La década de 1960 es el escenario del auge de la izquierda intelectual, y es una meta importantísima publicar en Casa, ser jurado o ganador de sus premios. Si la Revolución Cubana es recibida con júbilo casi unánime en 1959, la solidaridad se acrecienta en 1962, al ser expulsada Cuba de la OEA. Casa se convierte en el centro agitativo de la intelectualidad de izquierda, y su mensaje cunde y es creído: la utopía existe y su primera manifestación es Cuba. La estrategia de Casa es inequívoca: asumir que América Latina está dividida en pro o en contra de la Revolución, y suministrar elementos de combate intelectual. En el segundo número de la revista, como recuerda Nadia Lie en su útil Transición y transacción. La revista cubana Casa de las Américas (1960-1976), el editorial combina el resumen pesimista y la promesa del milagro:

“Si nos quedamos a pensar lo que es América para nosotros mismos quedaremos defraudados. Es una imagen deplorable de desasosiego y desorientación. El hombre americano está como perdido en un continente que es su enemigo y que no alcanza a hacer suyo. América es un continente sin rostro para muchos americanos y, por supuesto, para el resto del mundo... Pero si existe América, no es la que encontramos cada día, deshecha y superficial, sino la que en política ha demostrado que la utopía puede hacerse real”.

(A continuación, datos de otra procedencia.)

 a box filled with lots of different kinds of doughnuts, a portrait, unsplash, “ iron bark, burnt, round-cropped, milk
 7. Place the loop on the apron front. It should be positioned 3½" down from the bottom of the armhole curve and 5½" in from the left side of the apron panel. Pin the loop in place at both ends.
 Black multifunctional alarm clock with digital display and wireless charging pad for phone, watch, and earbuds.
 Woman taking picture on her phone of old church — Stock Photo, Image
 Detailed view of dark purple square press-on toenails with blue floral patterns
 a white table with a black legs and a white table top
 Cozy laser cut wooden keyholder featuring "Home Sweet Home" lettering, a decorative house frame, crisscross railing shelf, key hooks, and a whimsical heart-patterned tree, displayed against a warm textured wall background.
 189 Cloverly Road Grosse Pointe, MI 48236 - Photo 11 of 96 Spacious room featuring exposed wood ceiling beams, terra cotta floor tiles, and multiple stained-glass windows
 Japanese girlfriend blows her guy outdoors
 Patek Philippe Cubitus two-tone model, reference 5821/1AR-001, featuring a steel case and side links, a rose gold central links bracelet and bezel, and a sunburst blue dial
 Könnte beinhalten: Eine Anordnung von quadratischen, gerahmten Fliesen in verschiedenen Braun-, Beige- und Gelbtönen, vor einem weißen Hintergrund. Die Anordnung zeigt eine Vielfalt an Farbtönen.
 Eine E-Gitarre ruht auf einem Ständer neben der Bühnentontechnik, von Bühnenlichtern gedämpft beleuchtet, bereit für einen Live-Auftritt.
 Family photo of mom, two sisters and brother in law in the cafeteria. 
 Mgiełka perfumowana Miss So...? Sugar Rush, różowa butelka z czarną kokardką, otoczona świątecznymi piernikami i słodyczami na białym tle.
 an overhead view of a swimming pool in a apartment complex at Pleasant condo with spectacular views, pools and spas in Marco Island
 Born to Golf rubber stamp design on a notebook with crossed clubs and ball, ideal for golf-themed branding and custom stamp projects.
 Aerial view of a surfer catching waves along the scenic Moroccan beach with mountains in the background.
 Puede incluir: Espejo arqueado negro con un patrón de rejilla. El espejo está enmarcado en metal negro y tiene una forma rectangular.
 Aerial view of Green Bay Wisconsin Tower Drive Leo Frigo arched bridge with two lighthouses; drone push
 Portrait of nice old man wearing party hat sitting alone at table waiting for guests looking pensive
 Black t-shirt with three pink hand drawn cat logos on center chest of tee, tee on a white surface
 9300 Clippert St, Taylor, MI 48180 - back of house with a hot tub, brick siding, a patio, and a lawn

La militancia se predica y se exige. A los intelectuales y artistas se les ofrece un destino muy alto: oponer sus obras y sus ejemplos a las devastaciones del imperialismo. Casa de las Américas consigue adhesiones y resonancias. Se fortalece el bloqueo a Cuba, y el gobierno castrista lanza la consigna de los vínculos de los tres continentes de la pobreza: África, Asia y América Latina, la Tricontinental. En 1965, ya dirigida por Roberto Fernández Retamar, la revista proclama: “Sólo una tarea histórica nos es más hermosa que el viejo sueño bolivariano de unidad continental: el nuevo sueño de unidad tricontinental”. Y en el primer (y único) Congreso Cultural de La Habana, en 1968, Fidel Castro asegura: “Los imperialistas dirán que esto es un Vietnam en el campo de la cultura; que han empezado a aparecer las guerrillas entre los trabajadores intelectuales, es decir, que los intelectuales adoptan una posición cada vez más combativa”.

En ese discurso, Castro arenga y elogia al punto de la adulación a los intelectuales. Son ellos los que irán adelante ante el retroceso y el miedo de “supuestas vanguardias políticas” (los partidos comunistas, por ejemplo). Y en ese tiempo, Casa de las Américas es determinante en una empresa: la del conocimiento unificado de la cultura en Latinoamérica que integra idealmente lo producido en poesía, cine, novela, teatro, pintura, música culta y popular en cada uno de los países. Sólo parcialmente se acepta la consigna de Casa: “La cultura es hija de la Revolución”, pero muchísimos se involucran en la empresa que anuncia: “elaborar y difundir un pensamiento capaz de incorporar las grandes masas populares a las tareas de la revolución; crear obras que arranquen a la clase dominante el privilegio de la belleza”.